Upon dissolution of the RDA in this case, the City of Buena Park assumed its role as successor agency. As successor agency, the City of Buena Park filed two ROPS that listed the stipulated judgment as a $103,824,908 enforceable obligation. For both ROPS, DOF disallowed payment under the stipulated judgment. DOF reasoned that "[t]he judgment is not an [enforceable obligation]. The requirement to set aside 20 percent of RDA tax increment for affordable housing purposes ended with the passing of the redevelopment dissolution legislation. Because there no longer are such taxes allocated to the Agency, there is no payment obligation."

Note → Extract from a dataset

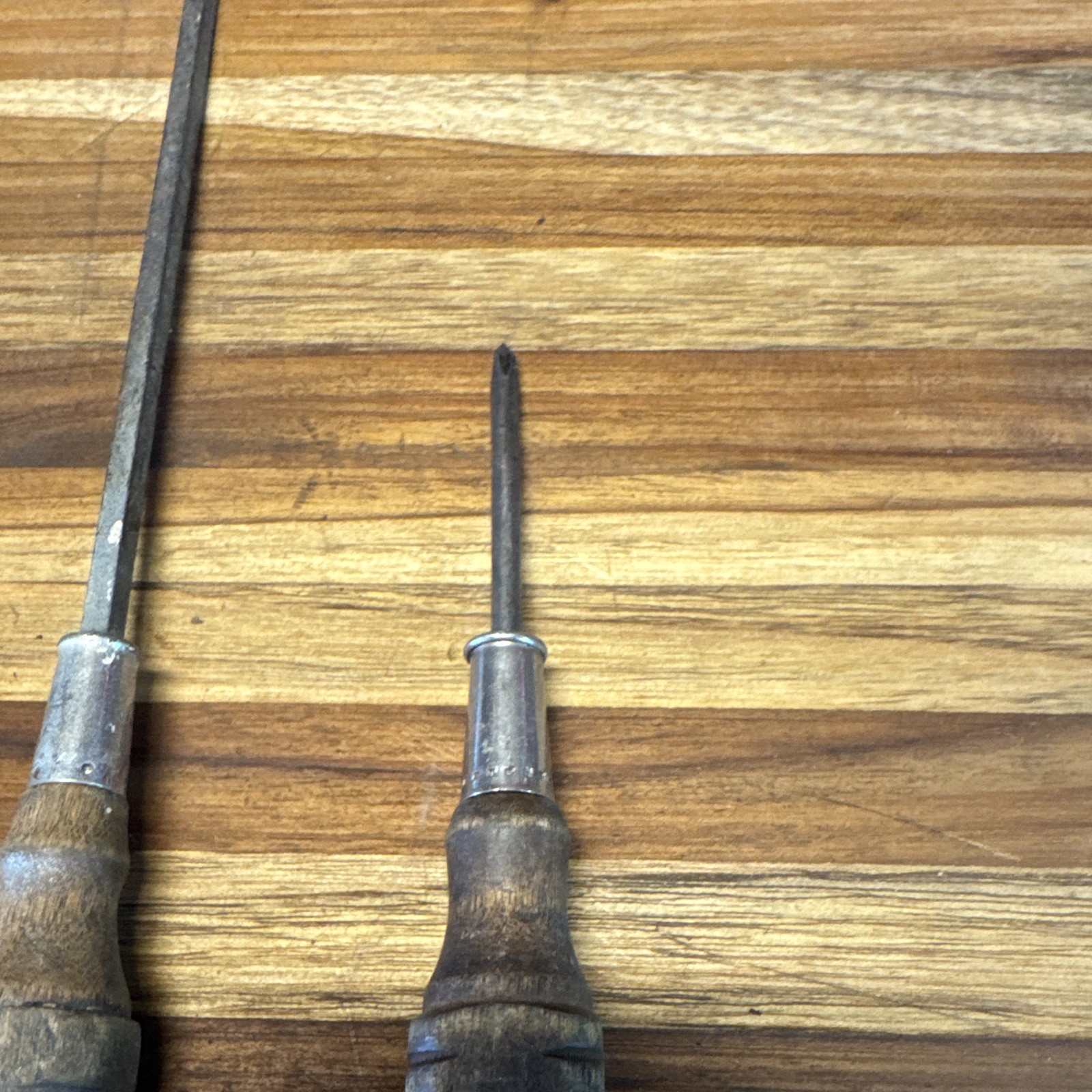 Vintage Wood Handle Screwdriver Set 4pc Brown/Silver China/Taiwan Marked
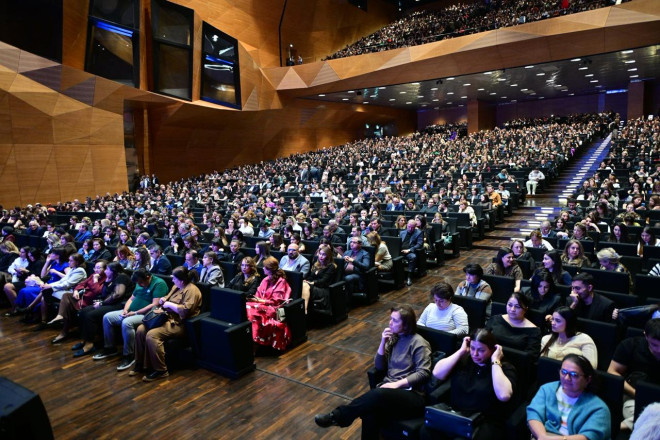 Eyyub Hüseynzadənin təşkilatçılığı ilə duyğu dolu Nilufər konserti - FOTOLAR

Shayne's Petition for Writ of Mandate

Shayne filed an action for mandate, injunctive, and declaratory relief to require DOF to recognize the stipulated judgment as an enforceable obligation. DOF filed opposition. The trial court denied the petition. In denying the petition, the trial court found: "The stipulated judgment requires the RDA to set aside 20 or 25 percent of 'all taxes which are allocated to [it] pursuant to . . . section 33670.' The stipulated judgment then reiterates that the relevant percentages 'shall apply to the gross amount of taxes allocated to the Agency pursuant to section 33670.' As noted above, section 33670 is the provision of the Community Redevelopment Law authorizing the allocation of tax increment to redevelopment agencies. Following dissolution, however, taxes are no longer allocated to the RDA pursuant to section 33670. (See § 34189, subd. (a.) ['Commencing on the effective date of this part, all provisions of the Community Redevelopment Law that depend on the allocation of tax increment to redevelopment agencies . . . shall be inoperative'] [emphasis added].) Indeed, ending this allocation of tax increment to redevelopment agencies was a primary purpose [of] the Dissolution Law. (See Matosantos [I], supra, 53 Cal.4th at 263 ['The Legislature has determined that tax increment should no longer [be] allocated to redevelopment agencies']; [County] of Sonoma v. Cohen (2015) 235 Cal.App.4th 42, 45 [Dissolution Law ended redevelopment 'in order that the ever-encroaching "tax increment" share of property taxes paid to the redevelopment agencies could then be redistributed instead to the counties, cities, special districts, and school districts otherwise entitled to these revenues'].) Because taxes are no longer allocated to the RDA pursuant to section 33670, the stipulated judgment no longer requires the set aside of any funds."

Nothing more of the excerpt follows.